Like Amazon, Netflix offers recommendations to users. They have their own algorithm called Cinematch, which, according to Wikipedia, produces recommendations that are a 9.6% improvement over a straight average of user ratings. The Netflix Prize is contest the company has organized that will give $1,000,000 to the creators of an algorithm that offers a 10% improvement over the 9.6% improvement that Cinematch can already attain. The current standings can be seen here. The current leaders have reached a 7.1% improvement. Apparently Cinematch itself was improved on in 6 days.
Aggregate Knowledge is a Kleiner backed start-up trying to commercialize algorithms like these. Pretty interesting stuff.

The benefits of due diligence
February 27th, 2007 § Leave a Comment
Last night I helped out with the Chicagoland Entrepreneurship Center’s Fast Pitch Competition. The event was co-sponsored by The GSB, Kellogg, and De Paul and a bunch of my GSB classmates entered with hopes of winning the $5,000 prize. Each entrant in the contest had 3 minutes to pitch to a panel of 4 judges. I was the timekeeper in for the Web-Based Technologies group where one of the judges was Matt McCall of DFJ Portage Ventures and author of VC Confidential, a blog that I subscribe to.

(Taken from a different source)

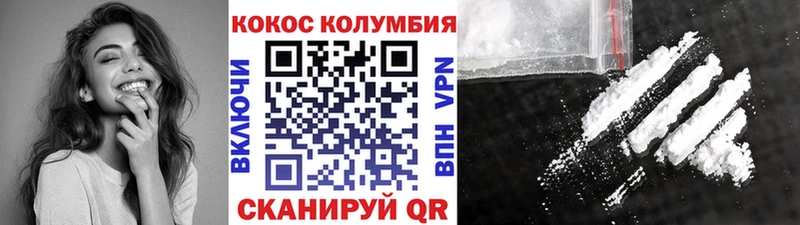 mega зеркало Оленегорск КОКАИН VHQ
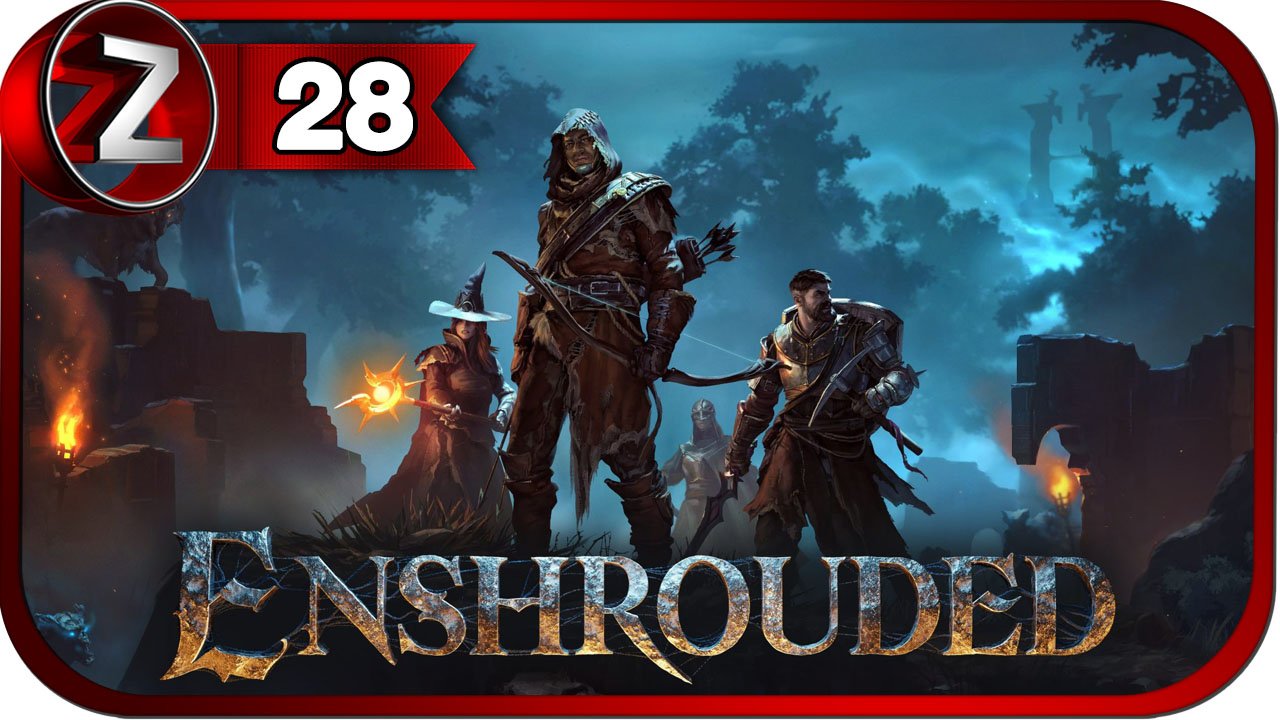Enshrouded ➤ Котёл алхимика и корни ➤ Прохождение #28 смотреть онлайн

It was cool to meet him. It was also great to see GSB entry ParkWhiz win the Web-Based group and go on to win the whole competition. ParkWhiz wants to create a marketplace for buyers and sellers of parking spaces in urban areas where parking spaces can be hard to find.
I think the idea behind ParkWhiz has potential. However, ParkWhiz’ victory illuminates the flaws in these quick pitch types of contest, as well as the benefits of due diligence. This idea is not a new one – there is company out of MIT called SpotScout that is trying to tackle the same problem and has a mobile application that has substantial momentum. There is also a group called Spark Parking out of Northwestern that is taking a high tech approach to the same problem. There is likely room for multiple players in this marketplace, especially considering intensely regional nature of their products and services, however if the judges had not known about the other players (and they likely didn’t), the idea behind ParkWhiz probably seemed much more novel than it actually was. This reminded me of the coverage I saw of the CRV Entrepreneur Idol fast pitch contest held at Stanford GSB earlier this year where the winner pitched battery-less LED flashlights, a product that is already mass produced.
I’m not saying that these ideas wouldn’t have won if there was a diligence period, but as the New Venture Challenge is on the horizon here at The GSB, I am starting to realize the macro flaws inherent in business plan competitions, and lack of time for judges to research ideas is definitely one of them.